[Crawled caption data]
=-=-=-=-=

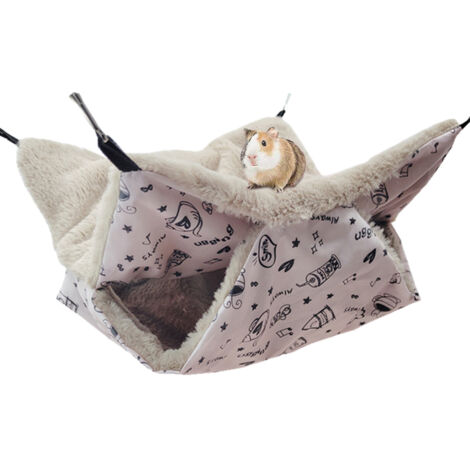 1 hamac pour hamster - Plumes - Grande taille 3434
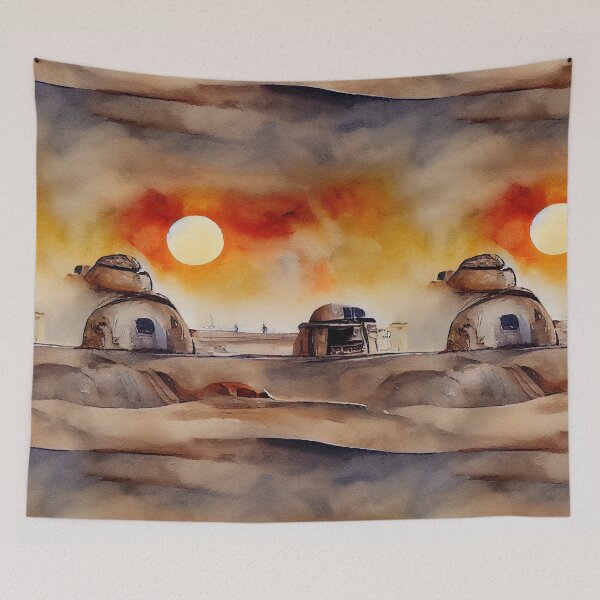 Item preview, Far planet designed and sold by loud-silence.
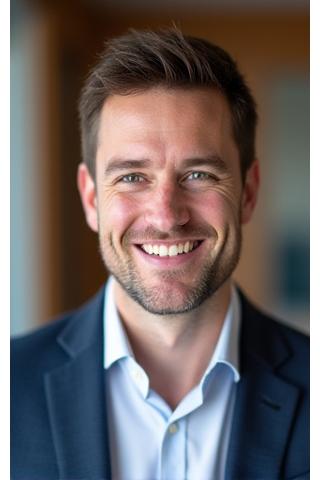 Portrait of Liam O'Connell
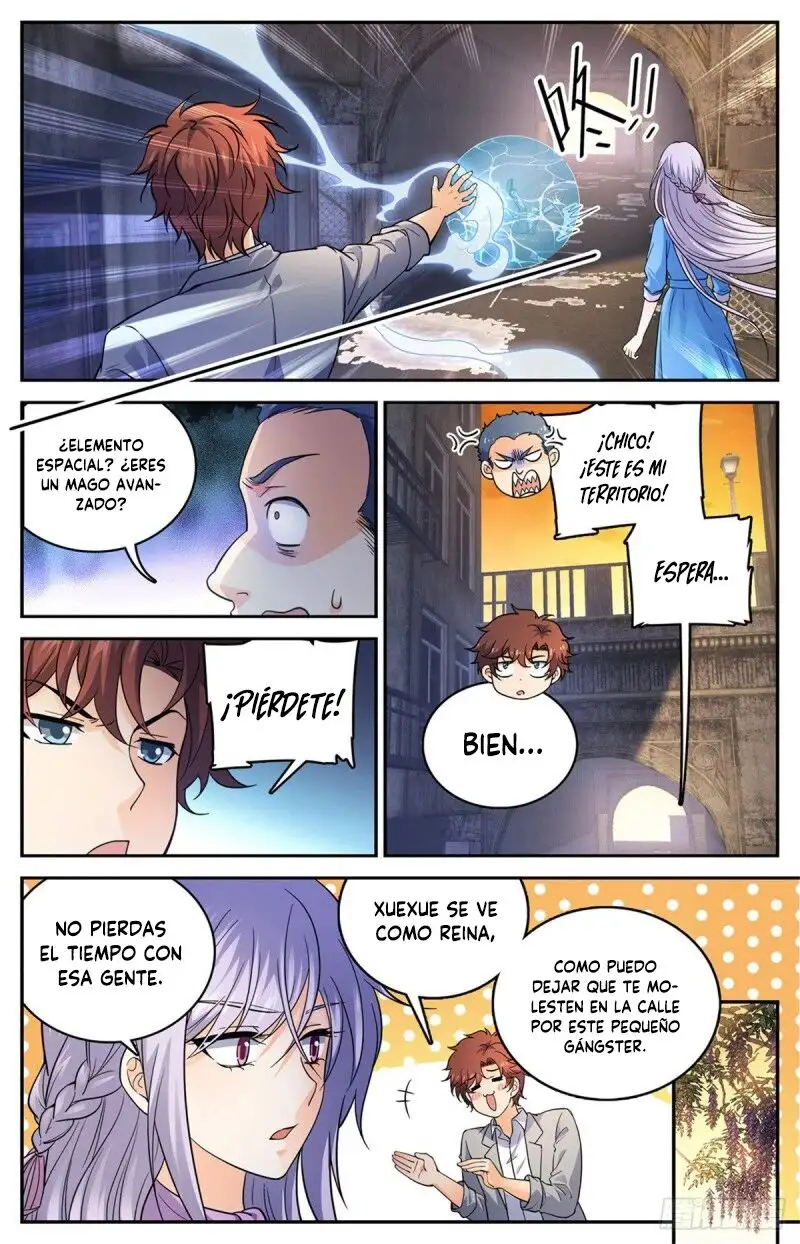 Versatile Mage (Novela) - Capítulo 644 - Página 13 - LectorTMOo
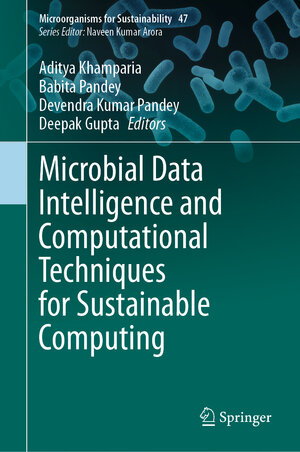 Buchcover Microbial Data Intelligence and Computational Techniques for Sustainable Computing | EAN 9789819996216 | ISBN 981-9996-21-X | ISBN 978-981-9996-21-6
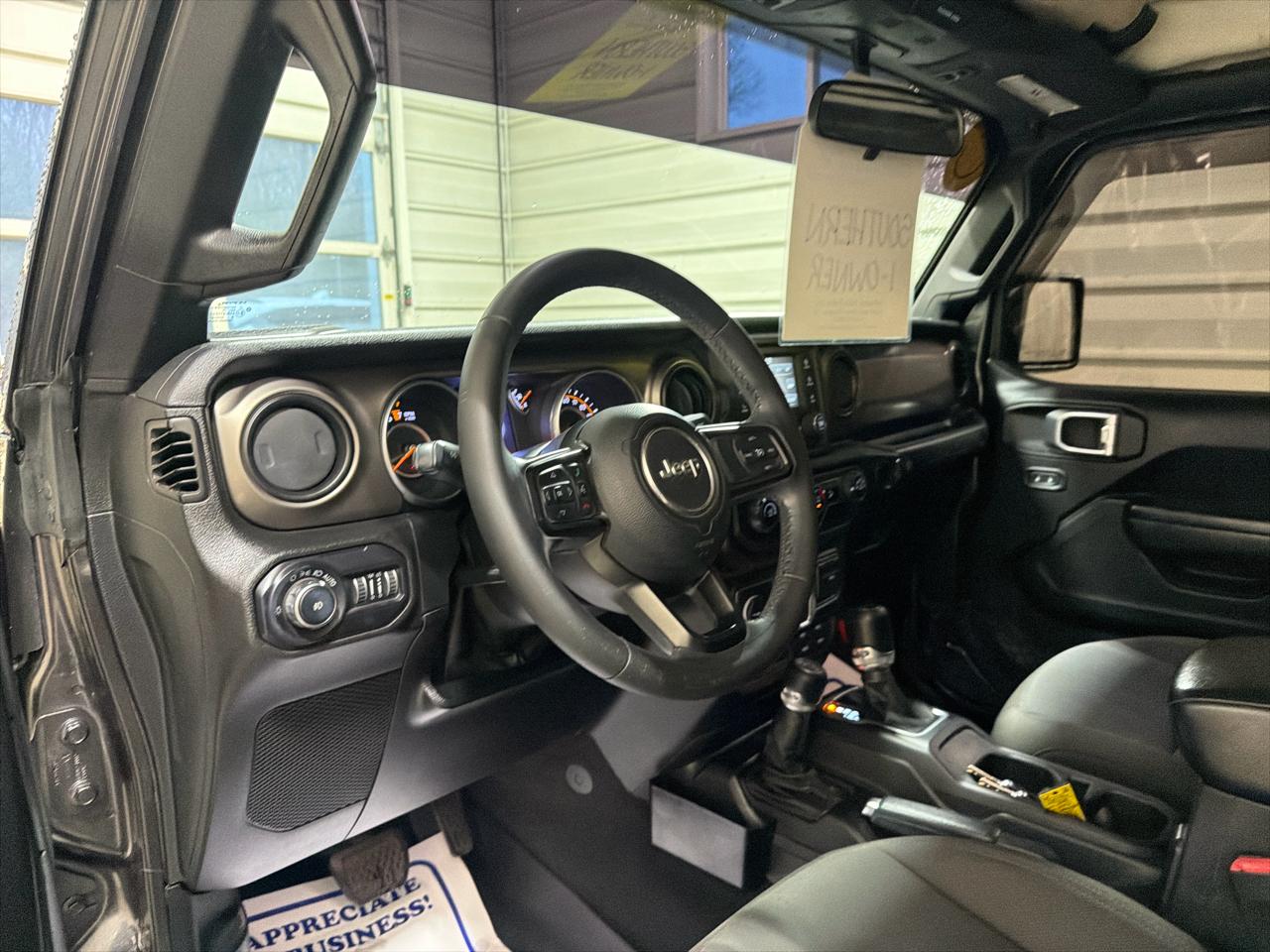 Jeep Wrangler Unlimited Sport S 4x4 2018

=-=-=-=-=

- [ACTIVITY]
The lines from the one containing "Buchcover Microbial Data" through the final line of the data are to be repeated exactly, with both ends included and all pictures left out.

- [SOLUTION TO THIS EXERCISE]
 Buchcover Microbial Data Intelligence and Computational Techniques for Sustainable Computing | EAN 9789819996216 | ISBN 981-9996-21-X | ISBN 978-981-9996-21-6
 Jeep Wrangler Unlimited Sport S 4x4 2018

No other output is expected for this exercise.